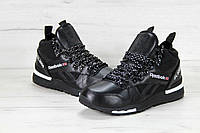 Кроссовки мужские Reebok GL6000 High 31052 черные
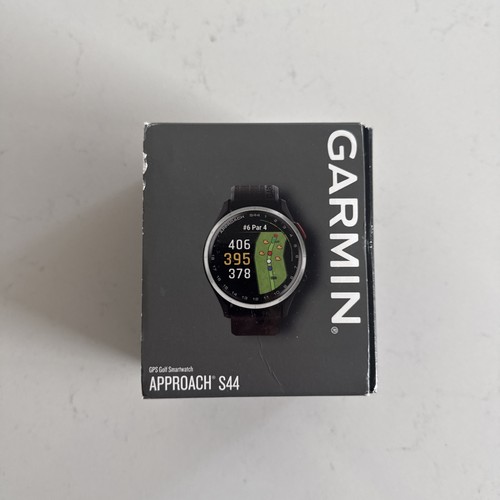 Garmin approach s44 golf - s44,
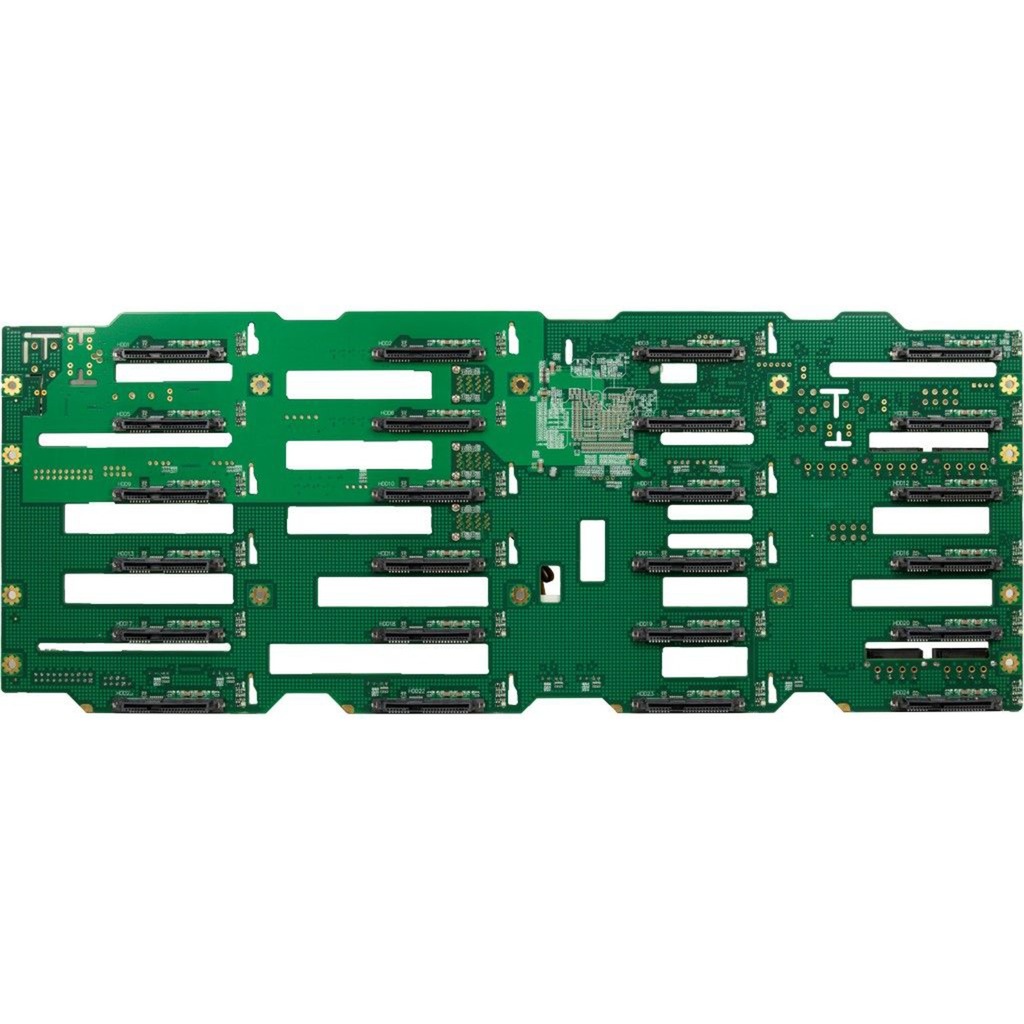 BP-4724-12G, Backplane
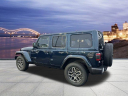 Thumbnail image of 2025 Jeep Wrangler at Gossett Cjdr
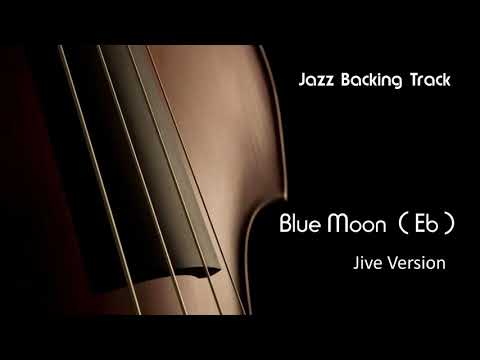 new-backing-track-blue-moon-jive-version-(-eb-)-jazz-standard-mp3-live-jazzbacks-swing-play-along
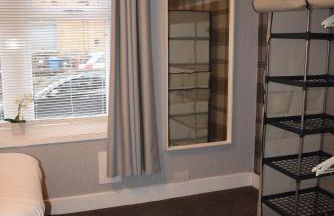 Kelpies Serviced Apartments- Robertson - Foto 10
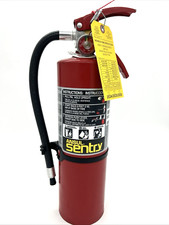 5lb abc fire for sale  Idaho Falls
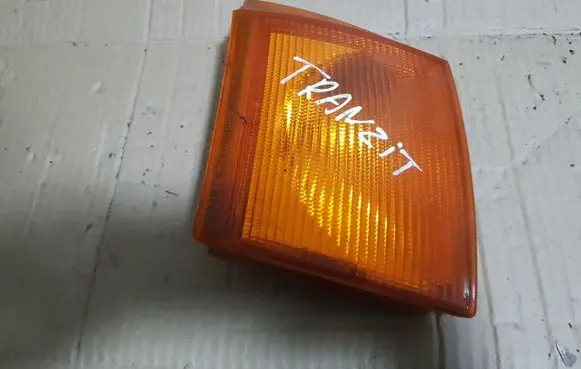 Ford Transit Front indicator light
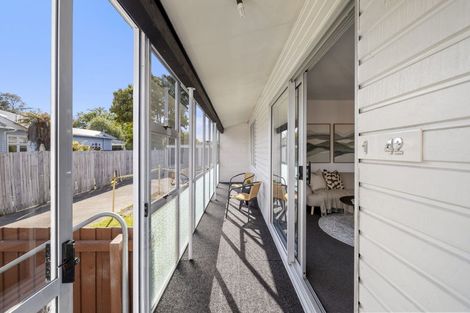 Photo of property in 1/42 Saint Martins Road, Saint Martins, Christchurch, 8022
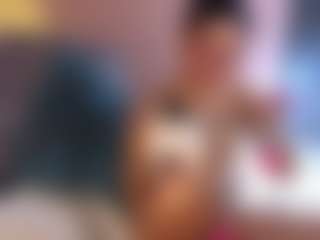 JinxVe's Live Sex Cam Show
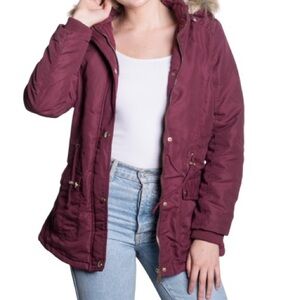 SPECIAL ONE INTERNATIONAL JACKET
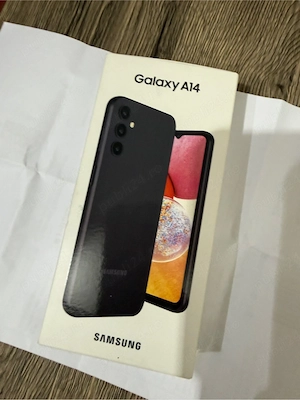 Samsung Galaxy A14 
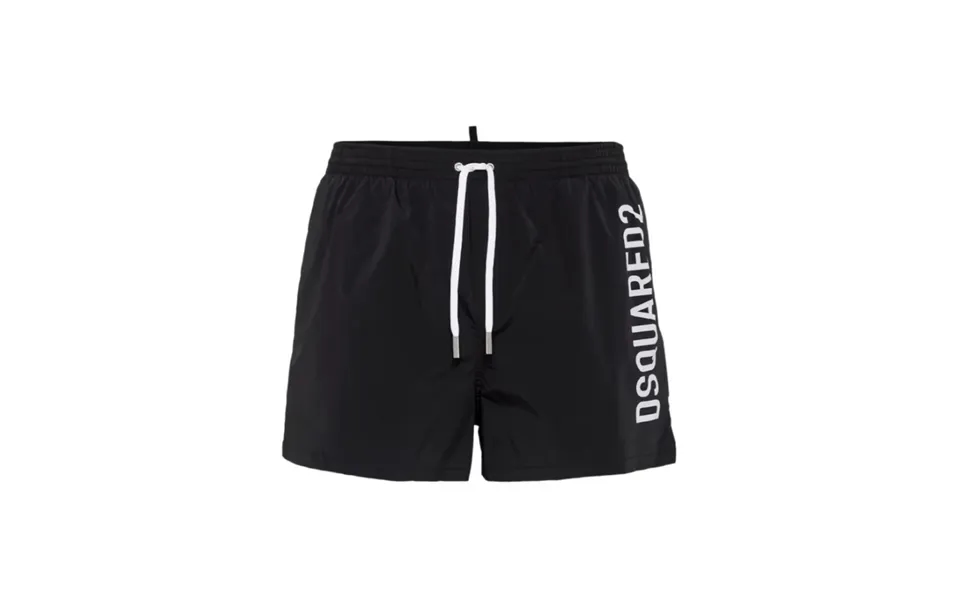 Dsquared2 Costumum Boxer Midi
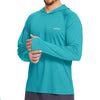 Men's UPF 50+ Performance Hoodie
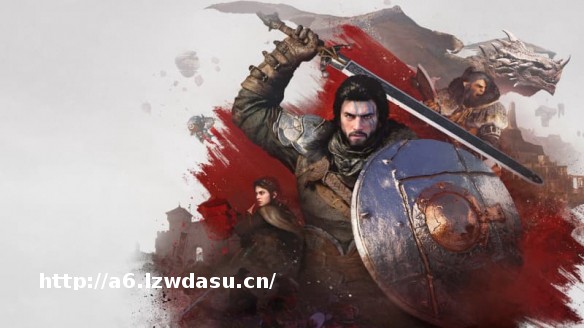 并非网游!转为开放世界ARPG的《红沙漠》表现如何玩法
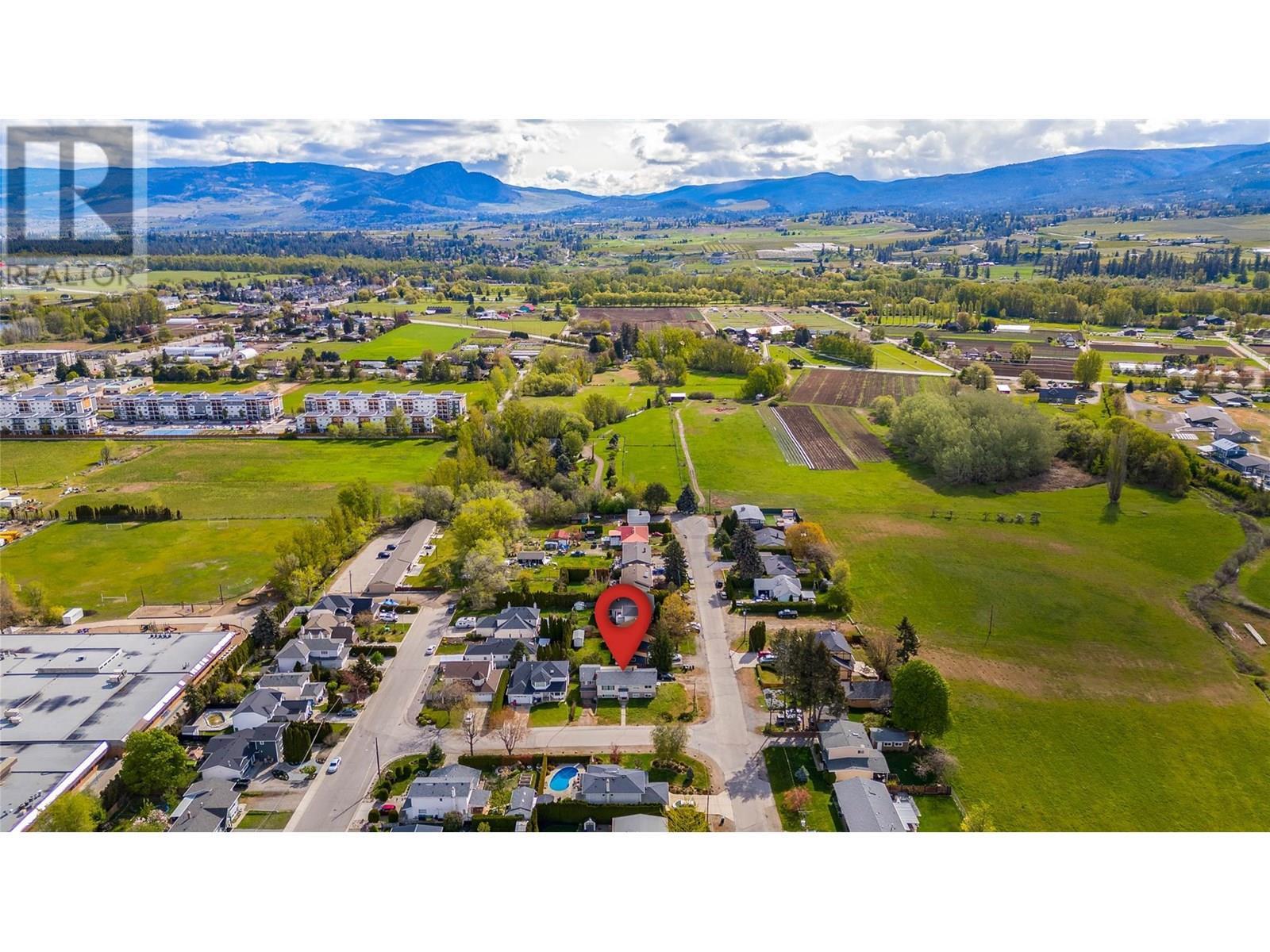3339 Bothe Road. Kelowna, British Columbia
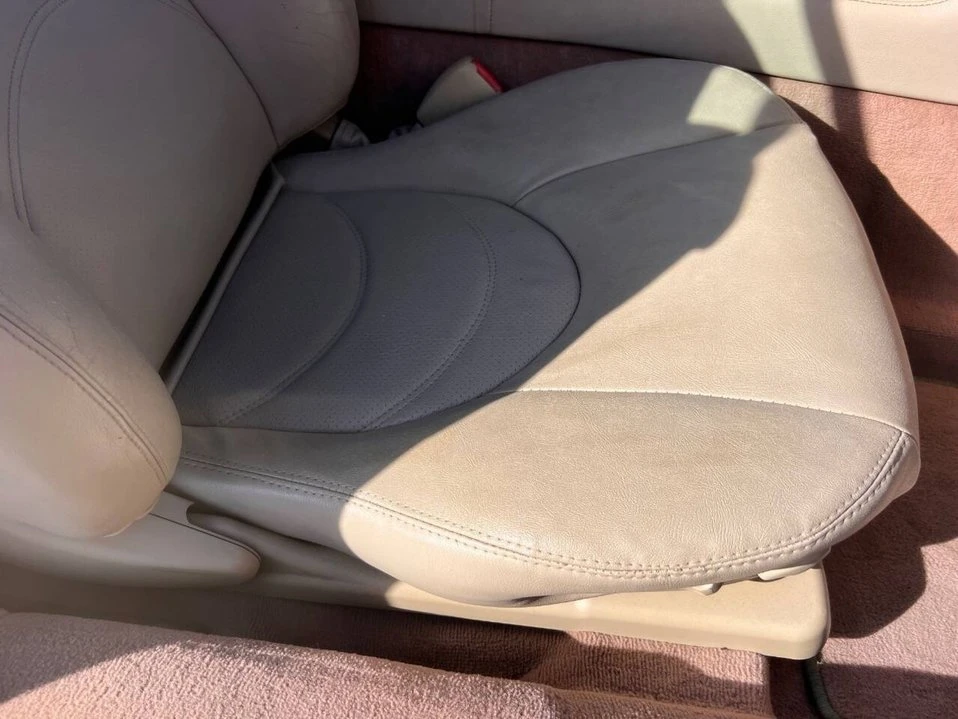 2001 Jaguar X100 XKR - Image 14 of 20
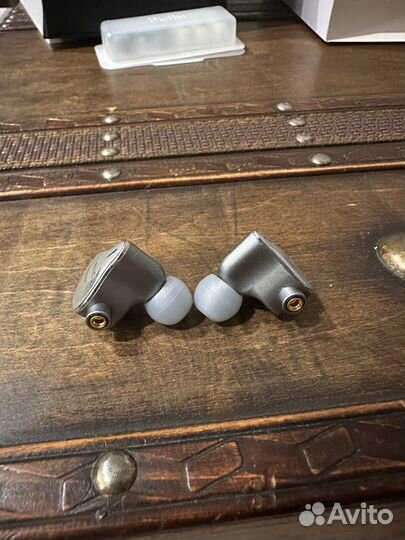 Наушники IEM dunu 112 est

### Task details
Each entry gets copied exactly; the pictures stay out.

### Task output
 Кроссовки мужские Reebok GL6000 High 31052 черные
 Garmin approach s44 golf - s44,
 BP-4724-12G, Backplane
 Thumbnail image of 2025 Jeep Wrangler at Gossett Cjdr
 new-backing-track-blue-moon-jive-version-(-eb-)-jazz-standard-mp3-live-jazzbacks-swing-play-along
 Kelpies Serviced Apartments- Robertson - Foto 10
 5lb abc fire for sale  Idaho Falls
 Ford Transit Front indicator light
 Photo of property in 1/42 Saint Martins Road, Saint Martins, Christchurch, 8022
 JinxVe's Live Sex Cam Show
 SPECIAL ONE INTERNATIONAL JACKET
 Samsung Galaxy A14 
 Dsquared2 Costumum Boxer Midi
 Men's UPF 50+ Performance Hoodie
 并非网游!转为开放世界ARPG的《红沙漠》表现如何玩法
3339 Bothe Road. Kelowna, British Columbia
 2001 Jaguar X100 XKR - Image 14 of 20
 Наушники IEM dunu 112 est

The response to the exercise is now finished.